**What the task asks:** Please repeat exactly the lines from the one containing "Mahsun - Chandelier" through the last line of the records below, leaving out any pictures.

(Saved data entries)
*** Block opens ***
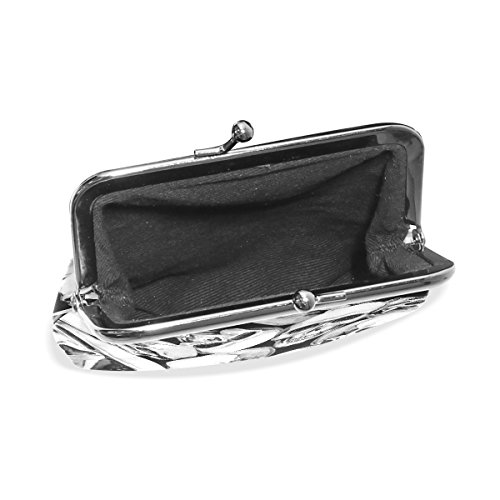 Monedero de calaveras divertido con broche de piel para mujer, pequeño bolso de cambios, tarjetero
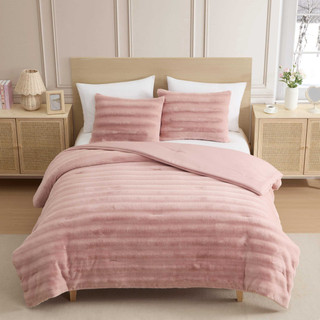 Thumbnail 18: Laura Ashley Laura Ashley Cloud Fur Microfiber Comforter Set  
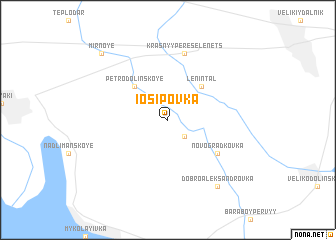 map of Iosipovka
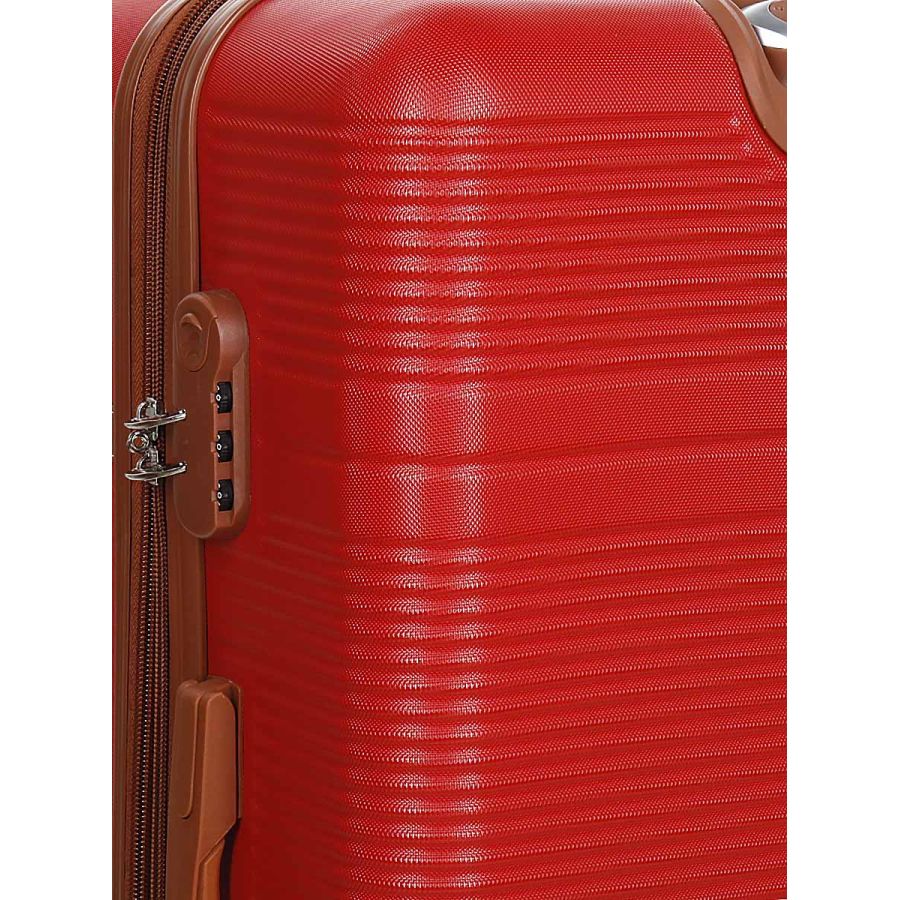 Чемодан большой L ABS-пластик Worldline Airtex 629 76×52×30см 110л Красный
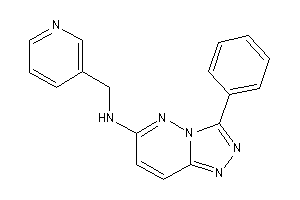 (3-phenyl-[1,2,4]triazolo[3,4-f]pyridazin-6-yl)-(3-pyridylmethyl)amine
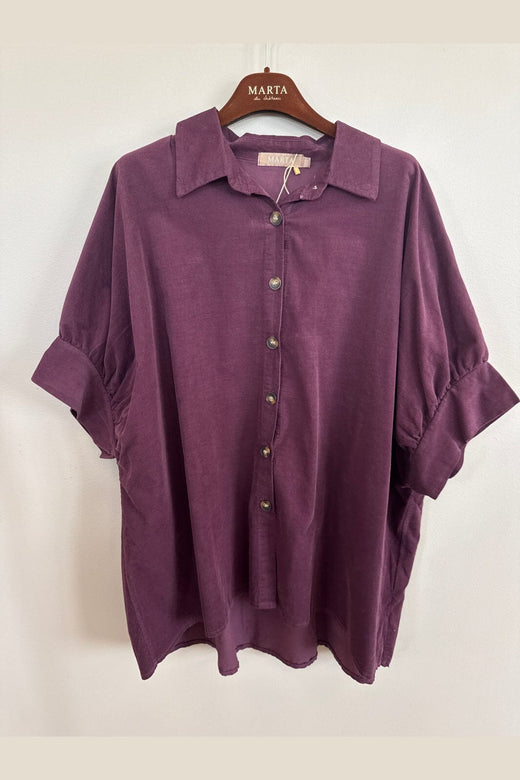 Marta Du Chateau - Mdckaori Shirt 86250V - Bourgogne78003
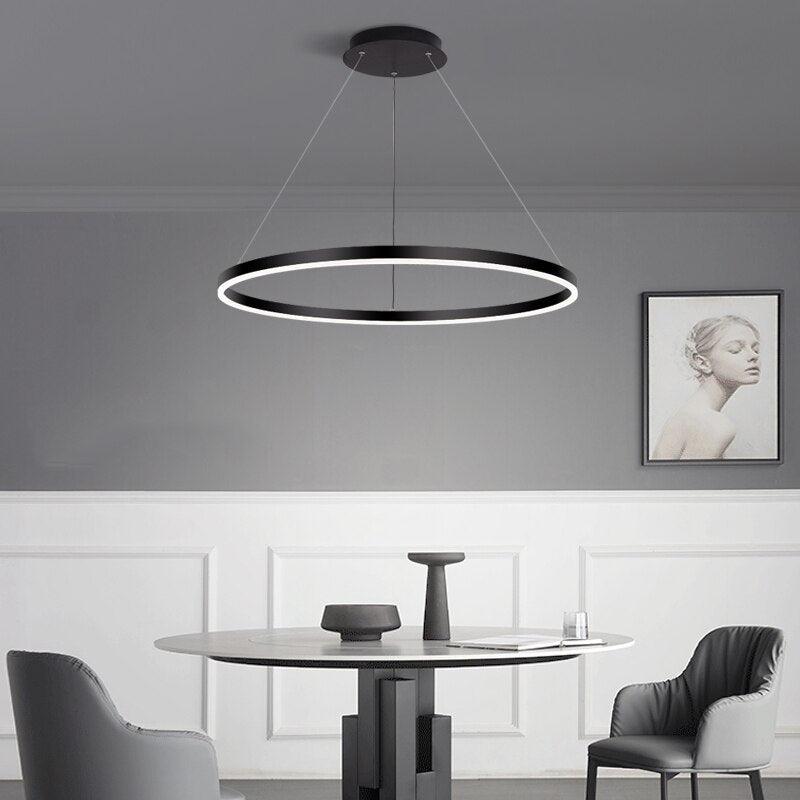 Mahsun - Chandelier with LED rings - Creating Coziness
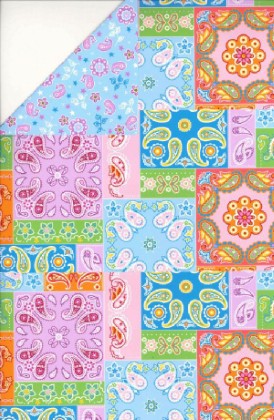 Fabric Traditions - Quilted Fabric - Paisley Patchwork, Malibu
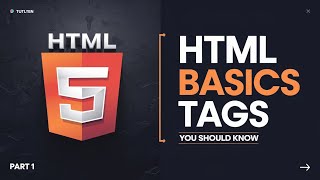 HTML Basics for Beginners Full Course (Part 1) | Start Your Front-End Journey!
*** Block closes ***
**Task output:**
 Mahsun - Chandelier with LED rings - Creating Coziness
 Fabric Traditions - Quilted Fabric - Paisley Patchwork, Malibu
 HTML Basics for Beginners Full Course (Part 1) | Start Your Front-End Journey!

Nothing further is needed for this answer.